Supporters of Israel oppose the movement to boycott, divest from and sanction Israel (BDS) on the basis that many of the movement’s adherents support the one-state solution to the Israeli-Palestinian conflict — in other words, they call for a single, democratic state in the land now under Israel’s control, which would mean the end of a distinctly Jewish state in the Middle East.

Take the Anti-Defamation League, for example. In its backgrounder on the BDS movement, ADL offers some “key points to make against BDS campaigns.” Among them: “The global BDS movement, as clearly stated on its website, does not support a two-state solution and the continued existence of Israel as a Jewish state.” (Individuals and groups that support BDS — even those who support one-state themselves — insist that the movement as an organized force takes no position on the one- or two-state solution, pointing to the participation in the BDS movement of many pro-two-state Palestinian groups.)

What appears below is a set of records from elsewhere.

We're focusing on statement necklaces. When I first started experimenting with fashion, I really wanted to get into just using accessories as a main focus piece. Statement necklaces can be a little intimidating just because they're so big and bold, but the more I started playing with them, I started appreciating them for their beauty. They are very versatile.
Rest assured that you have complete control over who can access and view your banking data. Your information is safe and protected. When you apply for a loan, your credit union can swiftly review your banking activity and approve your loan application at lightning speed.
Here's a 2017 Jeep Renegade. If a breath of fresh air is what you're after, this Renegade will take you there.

But if opponents of a two-state solution are the enemy, what is a group like the ADL doing palling around with Sheldon Adelson?

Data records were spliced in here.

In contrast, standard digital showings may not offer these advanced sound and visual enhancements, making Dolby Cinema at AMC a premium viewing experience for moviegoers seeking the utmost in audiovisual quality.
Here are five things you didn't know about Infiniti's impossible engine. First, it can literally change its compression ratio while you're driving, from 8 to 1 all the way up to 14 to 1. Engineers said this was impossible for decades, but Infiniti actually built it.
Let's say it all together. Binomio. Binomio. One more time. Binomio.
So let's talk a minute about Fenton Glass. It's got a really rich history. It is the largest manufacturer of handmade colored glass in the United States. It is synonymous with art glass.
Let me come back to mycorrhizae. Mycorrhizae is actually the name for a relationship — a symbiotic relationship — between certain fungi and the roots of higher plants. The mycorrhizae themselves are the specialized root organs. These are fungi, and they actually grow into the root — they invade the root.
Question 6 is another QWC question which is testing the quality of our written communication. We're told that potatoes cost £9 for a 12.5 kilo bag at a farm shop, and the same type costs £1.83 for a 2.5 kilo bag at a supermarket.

Adelson, The Forward reported on Monday, is hosting a secretive summit of Jewish organizations aimed at combating the BDS movement on American campuses. The ADL is one of the groups attending. But Adelson’s record on two-states is just as clear as that of BDS advocates like Ali Abunimah or Omar Barghouti — except, instead of calling for a democratic state, the single state Adelson wants would be one where millions of Palestinians live under Israeli control but are denied the right to vote.

Remember that Washington conference where, in November 2014, Adelson said, “[God] didn’t talk about Israel remaining as a democratic state… Israel isn’t going to be a democratic state — so what”? Still not convinced? Recall his constant warnings that the two-state solution would be “suicide” or “a stepping stone for the destruction of Israel and the Jewish people.”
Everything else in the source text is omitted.